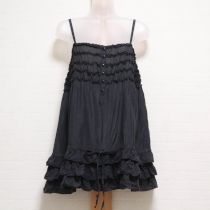 黒裾段々フリル麻混キャミブラウス
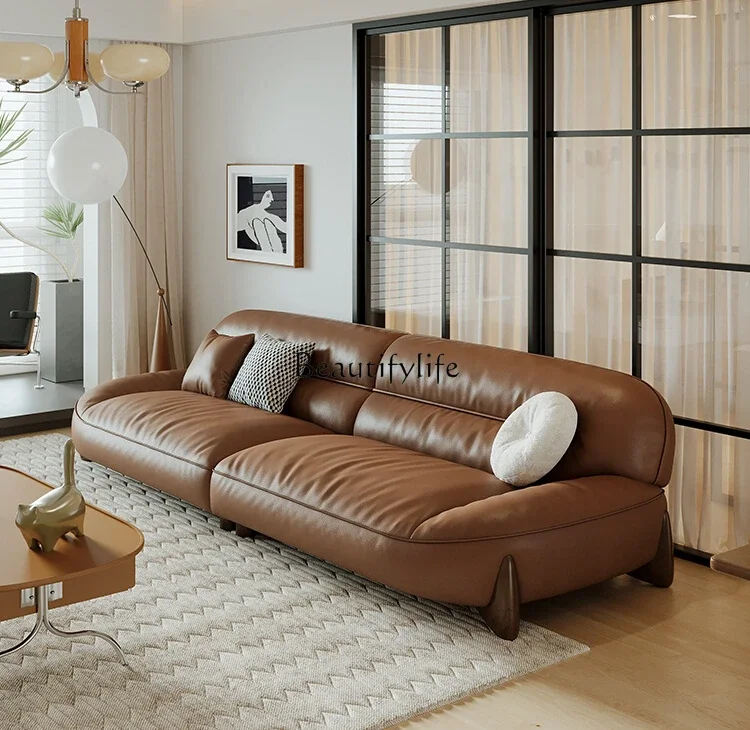 Leather sofa Italian simple first layer cowhide brown high density sponge straight row medium and ancient style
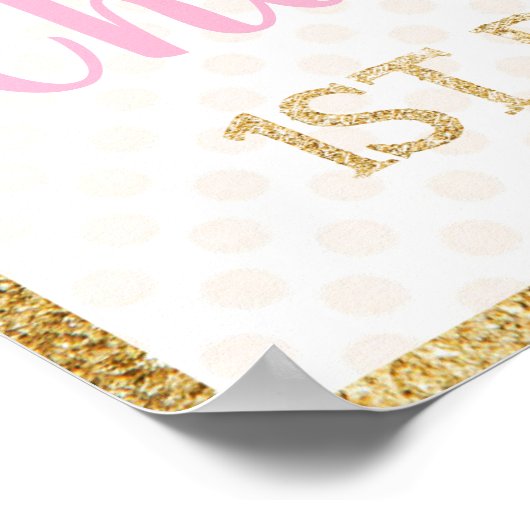 Floral 1st Birthday Ballerina Welkomstteken Poster (Hoek)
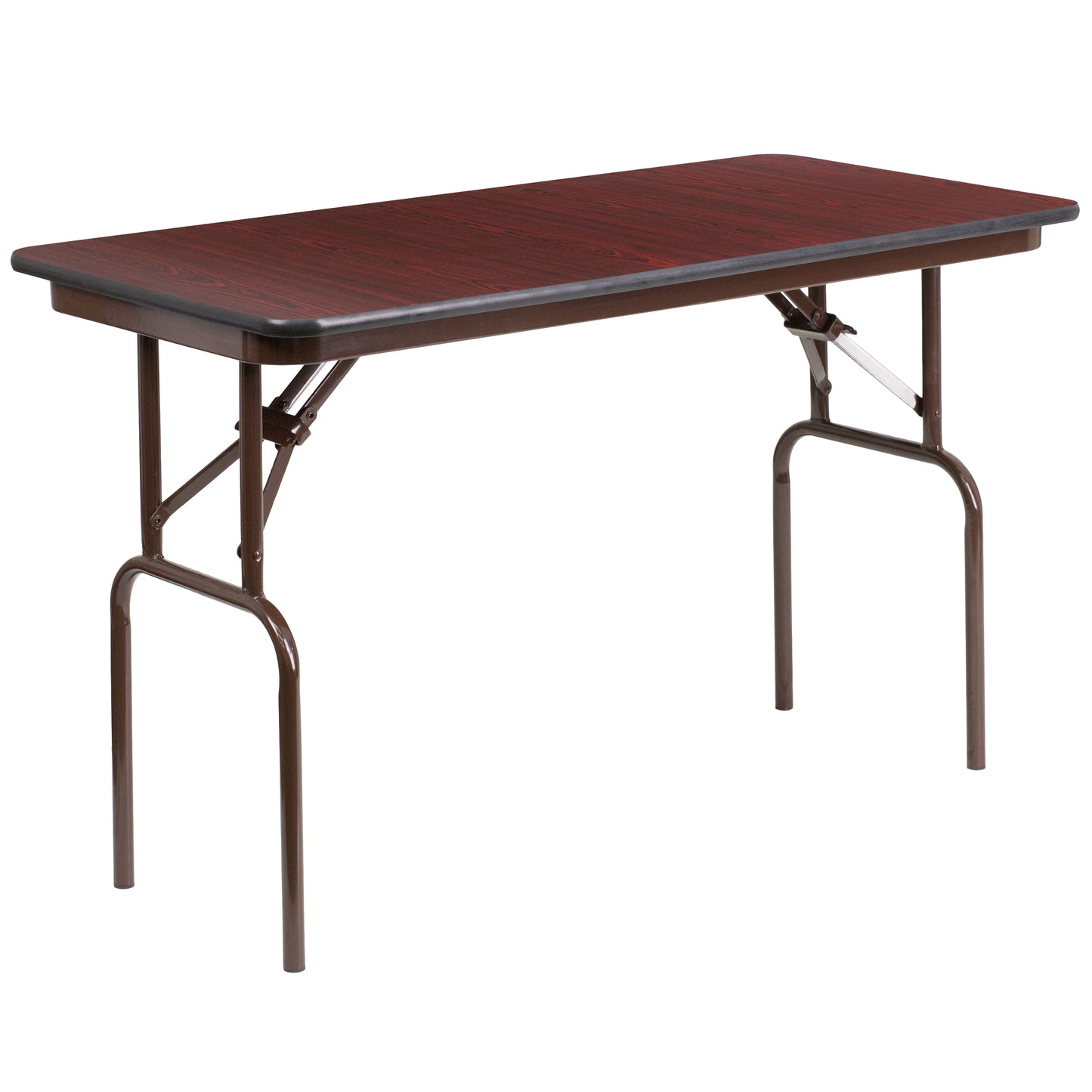 Frankie 4-Foot Mahogany Melamine Laminate Folding Banquet Table Mahogany YT-2448-MEL-WAL-GG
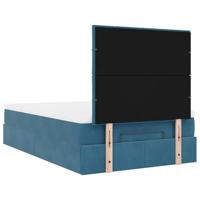 Ottoman bed met matrassen 120x200cm fluweel donkerblauw - thumbnail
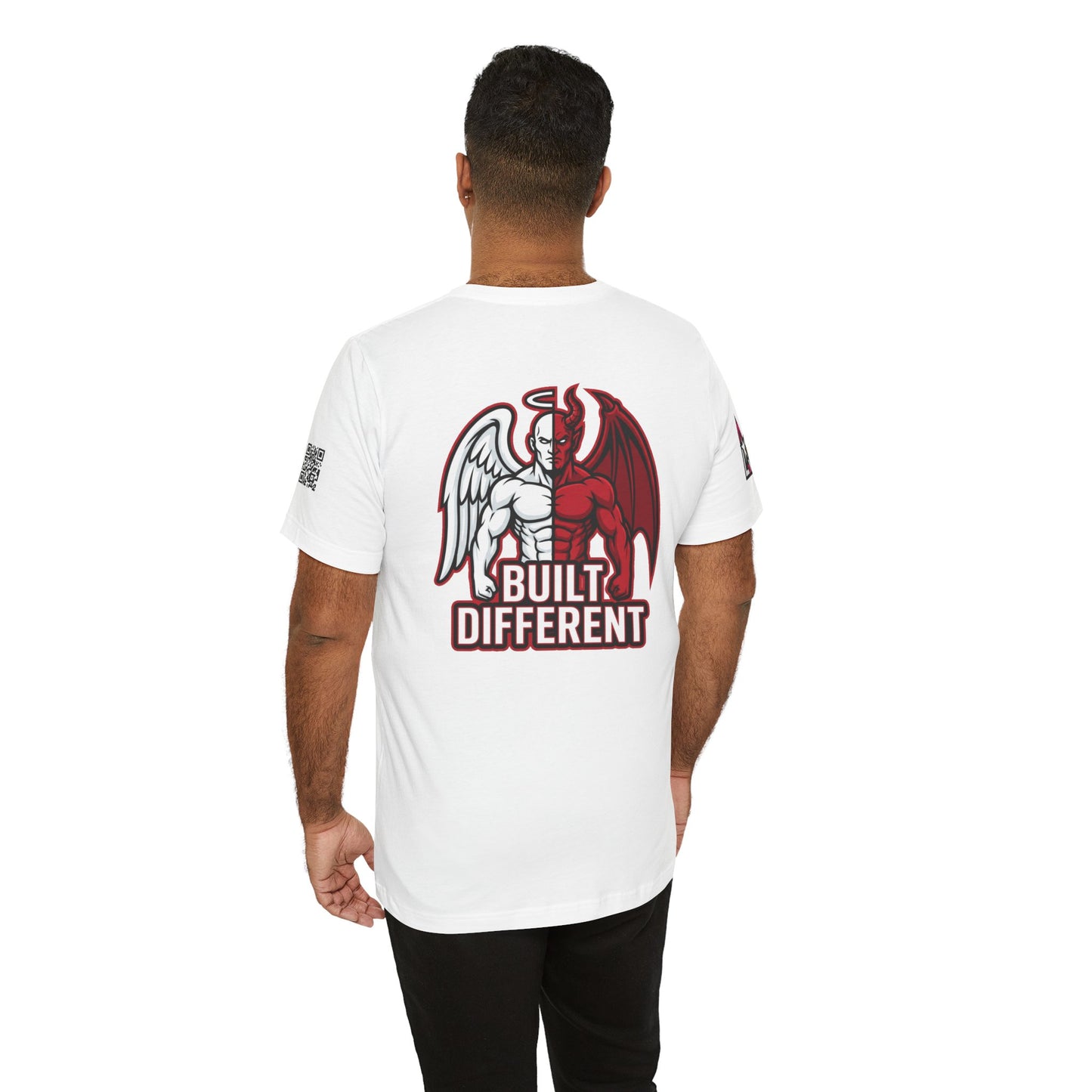 BUILT DIFFERENT Angel & Devil Graphic T-Shirt | Duality Streetwear Tee | Bold Unisex Statement Shirt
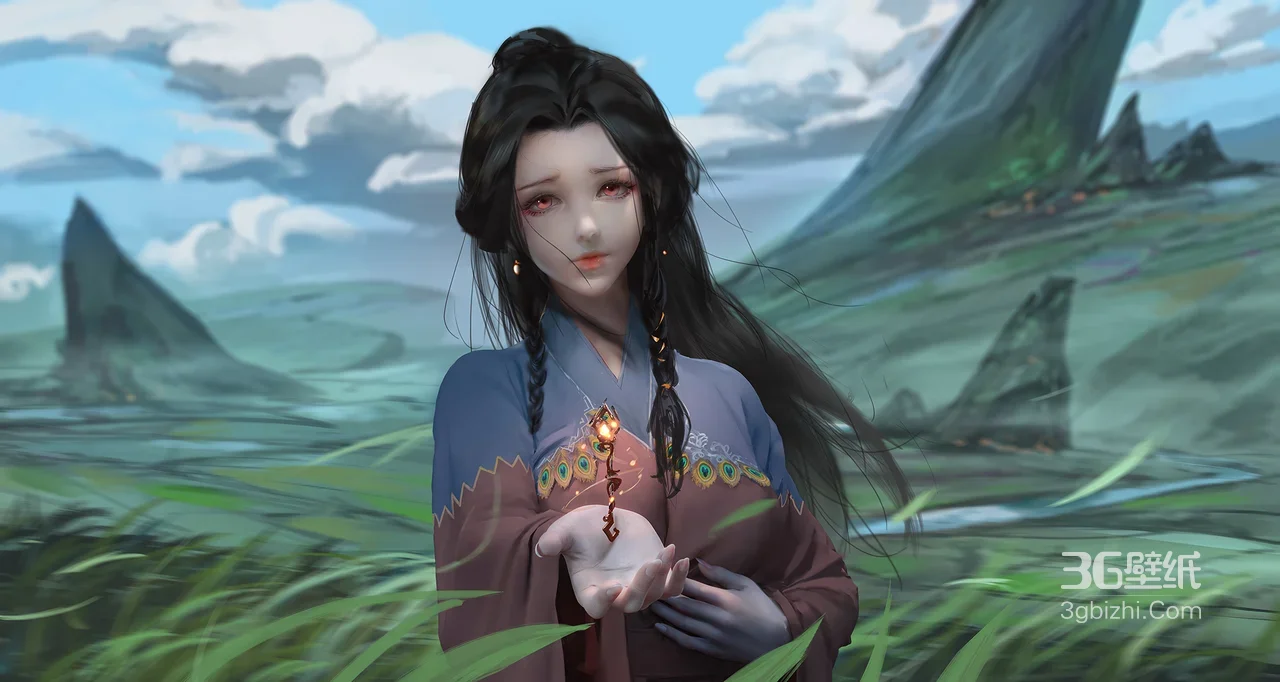 国风唯美古风女子·持灵饰 国漫风格电脑桌面精选1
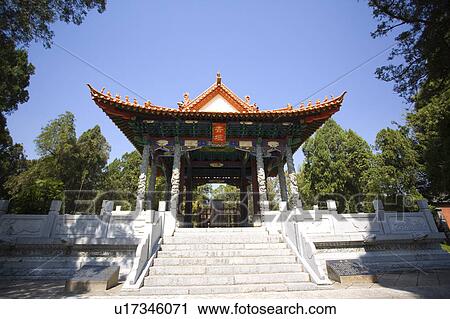 Stock Image - China, Yunnan Province, Jianshui, pavilion. Fotosearch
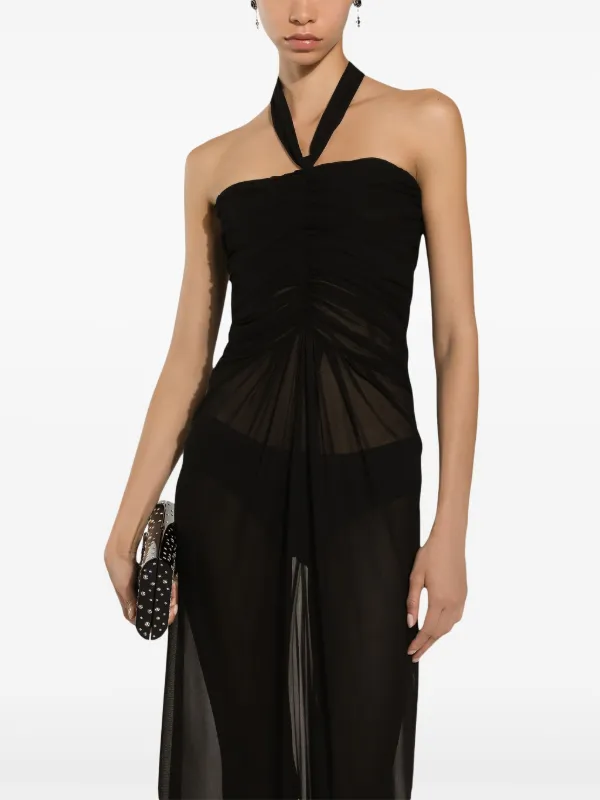 open lace back dress Dolce & Gabbana Organza Calf-length Dress With Halter Neck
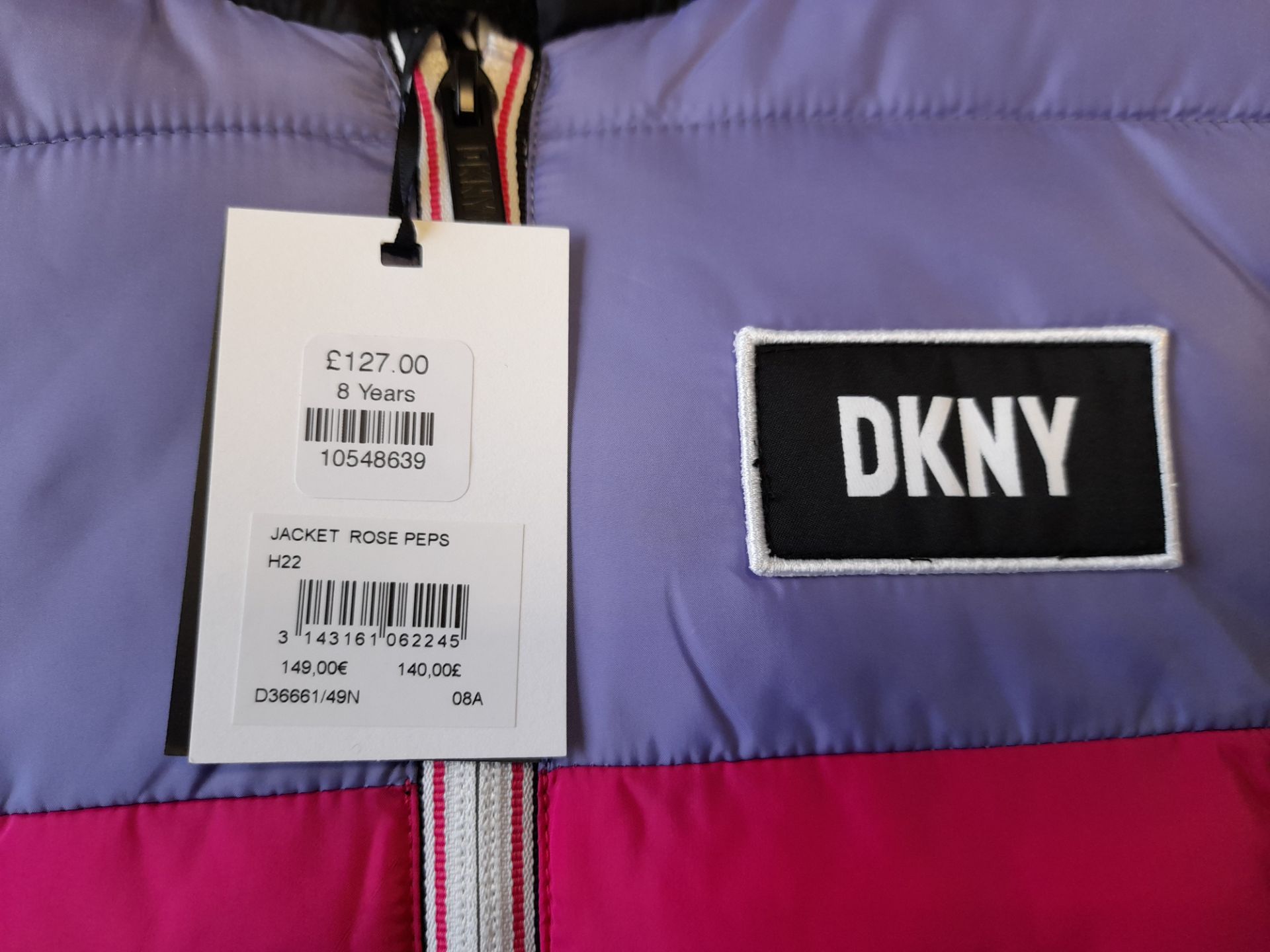 DKNY Pink, Purple & Black Coat, with fleece zipped hood, Age 8 years, RRP £140.00 - Image 2 of 5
_ _ _ _ _
## Instructions for the task
Only the lines from the one containing "open lace back" through the final line of the listing should be reproduced, exactly and with no pictures.

## Expected answer
 open lace back dress Dolce & Gabbana Organza Calf-length Dress With Halter Neck
 DKNY Pink, Purple & Black Coat, with fleece zipped hood, Age 8 years, RRP £140.00 - Image 2 of 5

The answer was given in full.